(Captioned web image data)
————————

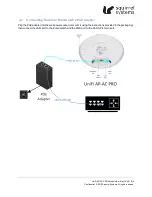 Preview for 7 page of Ubiquiti UniFi AP-AC PRO Setup Manual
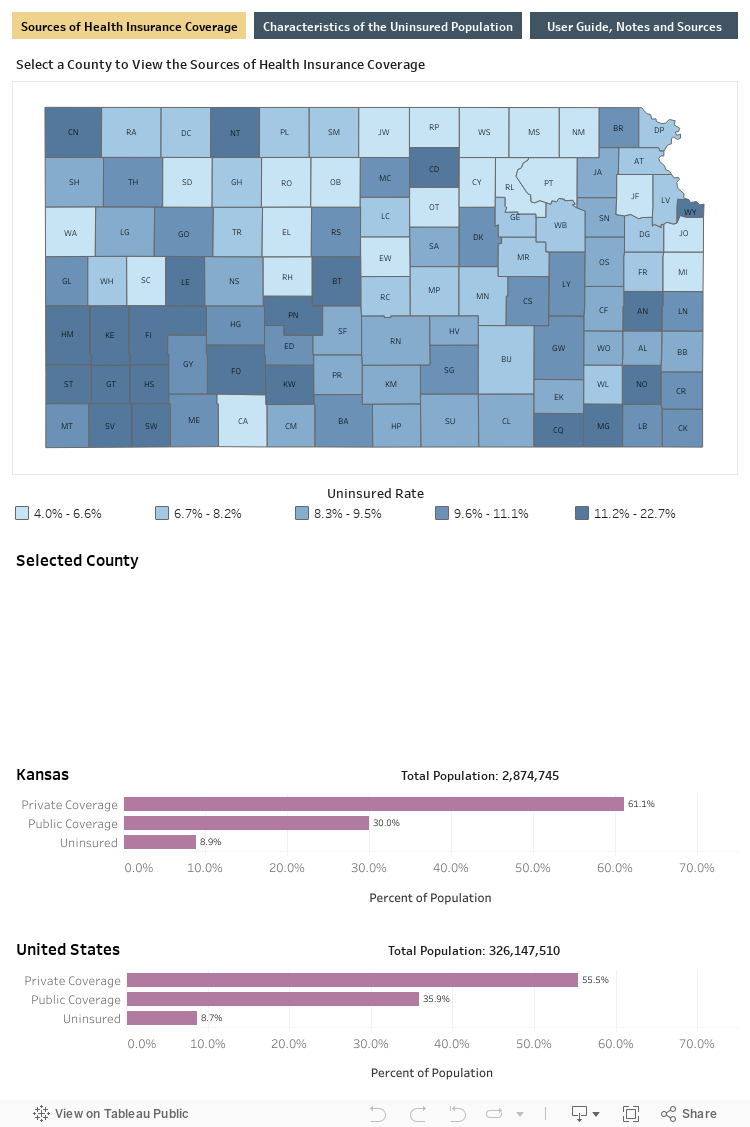 Sources of Insurance Coverage 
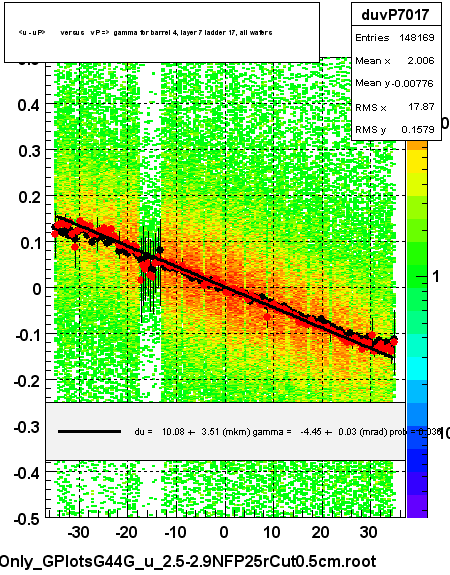 <u - uP>       versus   vP =>  gamma for barrel 4, layer 7 ladder 17, all wafers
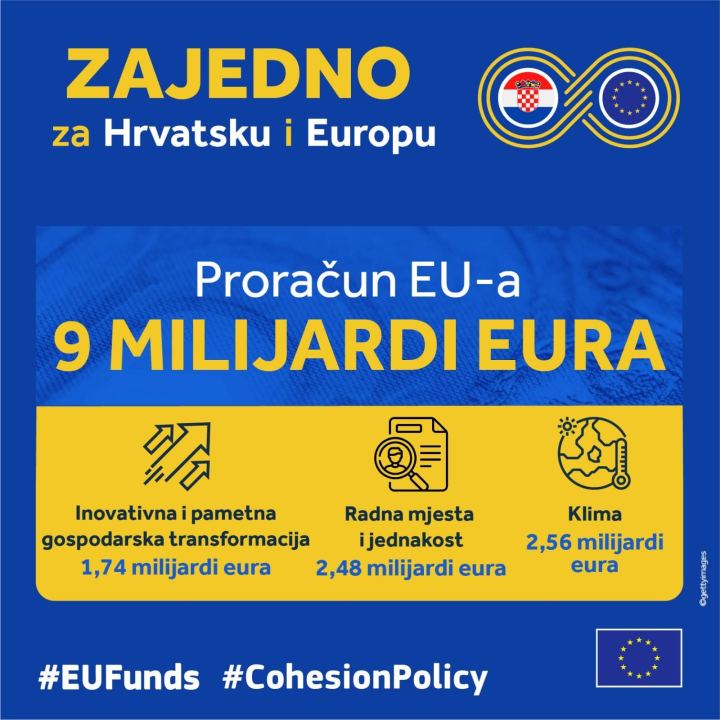 Europska komisija usvojila Sporazum o partnerstvu i prihvatila hrvatsku strategiju ulaganja 9 milijardi eura  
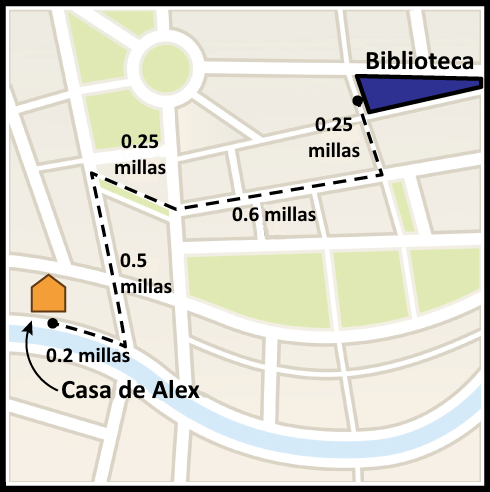Mapa que muestra cómo llegar de la casa de Alex a la biblioteca. La primera parte son 0.2 millas. Después, son 0.5 millas. Luego, son 0.25 millas. Después, son 0.6. La última parte son 0.25 millas.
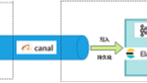 MySQL ǨƵ ElasticSearch ˼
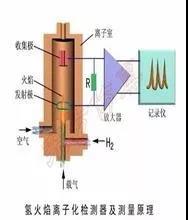 VOCs及非甲烷總烴在氫火焰離子（FID）檢測器的響應一樣嗎？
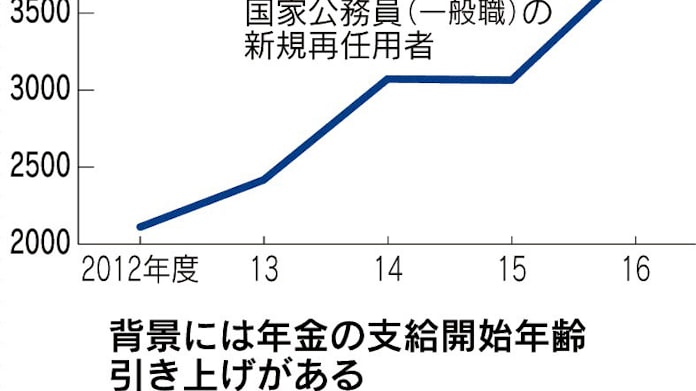 公務員定年 65歳に 19年度から段階的に延長 日本経済新聞 公務員定年 65歳に 19年度から段階的に延長 日本経済新聞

————————

*Exercise goal*. Every record above must be printed exactly, except for its images.

*Final answer*.
 Preview for 7 page of Ubiquiti UniFi AP-AC PRO Setup Manual
 Sources of Insurance Coverage 
 <u - uP>       versus   vP =>  gamma for barrel 4, layer 7 ladder 17, all wafers
 Europska komisija usvojila Sporazum o partnerstvu i prihvatila hrvatsku strategiju ulaganja 9 milijardi eura  
Mapa que muestra cómo llegar de la casa de Alex a la biblioteca. La primera parte son 0.2 millas. Después, son 0.5 millas. Luego, son 0.25 millas. Después, son 0.6. La última parte son 0.25 millas.
 MySQL ǨƵ ElasticSearch ˼
 VOCs及非甲烷總烴在氫火焰離子（FID）檢測器的響應一樣嗎？
 公務員定年 65歳に 19年度から段階的に延長 日本経済新聞 公務員定年 65歳に 19年度から段階的に延長 日本経済新聞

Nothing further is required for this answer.